Continuer à faire des écoles catholiques des institutions actives au service de tous les Libanais, préserver la solidarité de l’école catholique face aux défis quotidiens, éduquer les futurs citoyens à vivre leur chrétienté et à croire au Liban comme message, dans un esprit de convivialité, mais aussi s’adapter à la mondialisation, tels sont les principaux objectifs que s’est fixé le nouveau secrétaire général des écoles catholiques, le père Marouan Tabet, en cette période de rentrée scolaire. Une rentrée morose, marquée par l’aggravation de la crise économique, l’augmentation du taux des écolages impayés qui a atteint 18 % des scolarités pour l’année 2002 - 2003, et la défection de plus de 5 % des élèves des écoles catholiques vers d’autres secteurs éducatifs. Mais une solution semble pointer à l’horizon…
D’une année à l’autre, le taux des scolarités impayées augmente inexorablement et s’accumule, mettant en péril l’ensemble de l’enseignement privé. « Rien qu’au niveau des écoles catholiques, qui accueillent le quart des enfants scolarisés, soit 200 000 élèves dans l’ensemble du pays, les dettes des parents d’élèves ont atteint 18 % des écolages pour l’année scolaire 2002-2003, alors que pour l’année 2001 - 2002, elles représentaient déjà 12 % des scolarités », explique le père Marouan Tabet, secrétaire général des écoles catholiques depuis février 2003. Mais ce dernier refuse de donner des chiffres plus précis. « Cela pourrait porter atteinte à nos institutions », dit-il sans plus.

Défection de 5 % des élèves
Répondant à l’appel du pape les invitant à venir en aide aux parents d’élèves qui souffrent de la crise économique, les écoles catholiques augmentent les aides scolaires et montrent plus d’indulgence à l’égard des familles ayant accumulé des dettes à l’égard des établissements scolaires.
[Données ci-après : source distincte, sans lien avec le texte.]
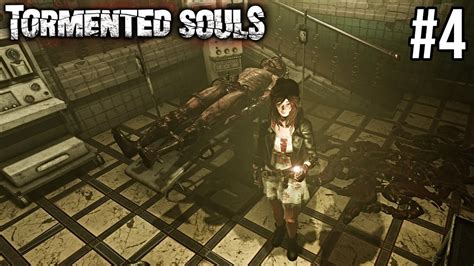 Tormented Souls Gameplay Part 4 Inspired By Resident Evil Silent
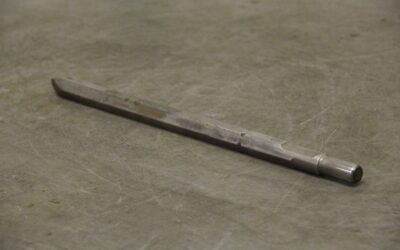 Spitzmeißel von Bosch - 370 mm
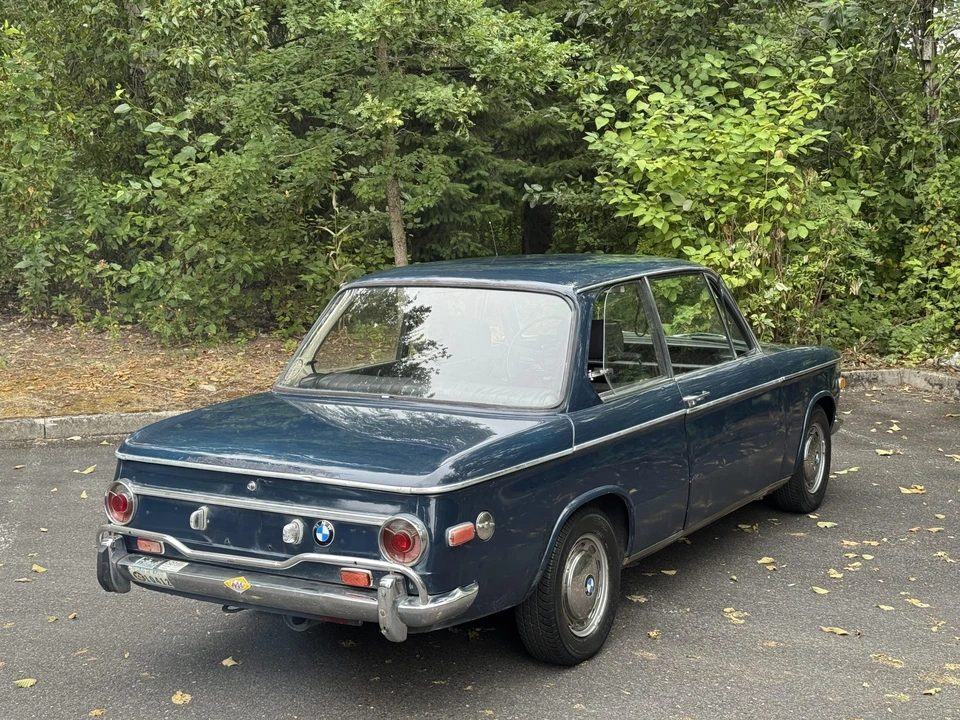 1970 BMW 2002 - Image 22 of 31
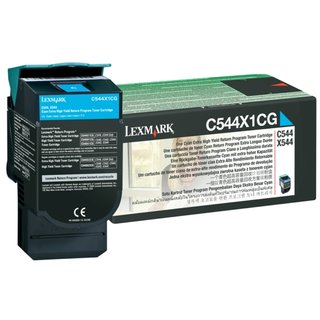Original - Lexmark C544X1CG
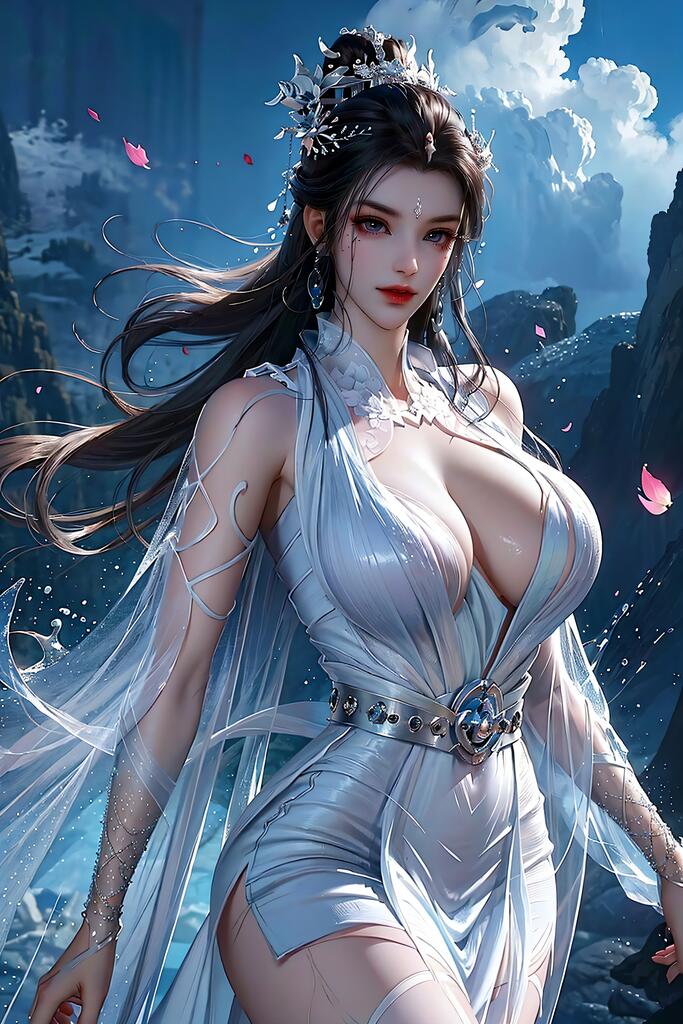 少年白马醉春风-玥瑶演示图1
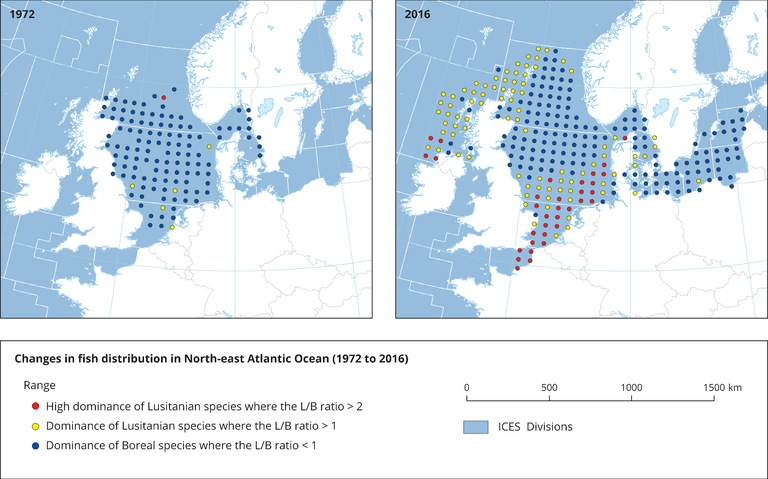 Midwest Energy Internet Coverage Map Temporal Development Of The Lusitanina/Boreal Species Ration — European  Environment Agency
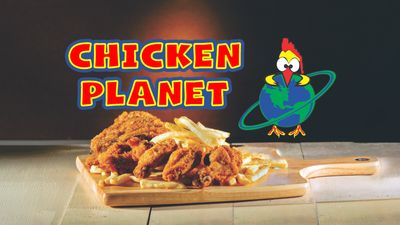Chicken Planet
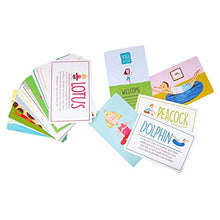 Load image into Gallery viewer, Relaxus Yogi Fun Yoga Cards for Kids with Four Different Activities - Emotional and Physical Development - Perfect for Joyful Learning
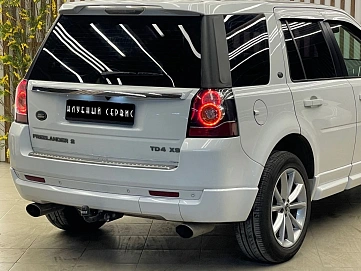 Land Rover Freelander, 2014г, полный привод, автомат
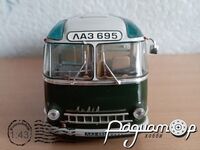 ЛАЗ-695 городской (1956) UM43-B002 [SA]***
Au lieu de consacrer à ces aides 5 % de leur budget annuel, comme alloué par l’État, elles leur consacrent désormais 20 à 25 % de leur budget, si ce n’est plus. Aides qui se traduisent par des réductions ou des bourses scolaires, accordées aux parents d’élèves les plus démunis. « À titre d’exemple, 250 écoles catholiques (sur 350) ont accordé pour l’année scolaire 2002 - 2003, un montant d’aides supérieur à 40 milliards de livres libanaises », observe le père Marouan Tabet, ajoutant que ce montant s’est élevé à plus de 30 milliards de livres libanaises durant l’année précédente.
Malgré cette initiative adoptée par l’ensemble des écoles catholiques, accompagnée de la création de caisses d’entraide, souvent financées par d’anciens élèves bien nantis, « cette institution a constaté la défection de 5 % de ses élèves », observe le père Marouan Tabet, sans toutefois préciser si ces élèves rejoignent les bancs de l’école publique ou ceux d’autres écoles privées moins prestigieuses ou tout simplement moins chères.
Mais comment les écoles catholiques doivent-elles faire face à cette crise économique qui les mine et menace leur structure, à l’instar de l’ensemble de l’enseignement privé du pays ? Le défi est de taille et la situation grave, mais pas désespérée. Car le secrétariat se fait fort de trouver des solutions radicales au problème économique de l’école catholique. Cependant, le père Tabet ne peut s’empêcher de montrer du doigt le gouvernement, « seul responsable de cette crise », selon ses propos, et « qui se doit de venir en aide aux institutions privées, comme cela se fait dans tous les pays évolués ». D’autant plus que celles-ci ont assuré la relève du gouvernement pendant de longues années, ayant été les seules institutions à ne pas avoir été déplacées durant la guerre. « Nous n’avons aucun contact à ce niveau avec le ministère de l’Éducation, déplore le prélat, mais nous sommes prêts à discuter des modalités de collaboration si le gouvernement décide de prendre ses responsabilités et de soutenir l’enseignement privé ».
Malgré la morosité ambiante et les importants déficits qu’accusent la majorité des écoles catholiques, une solution semblerait se profiler à l’horizon. Mais le nouveau secrétaire général des écoles catholiques n’en dit pas plus. Du moins pas pour le moment. Il déclare simplement qu’il dévoilera son projet en temps voulu et très bientôt.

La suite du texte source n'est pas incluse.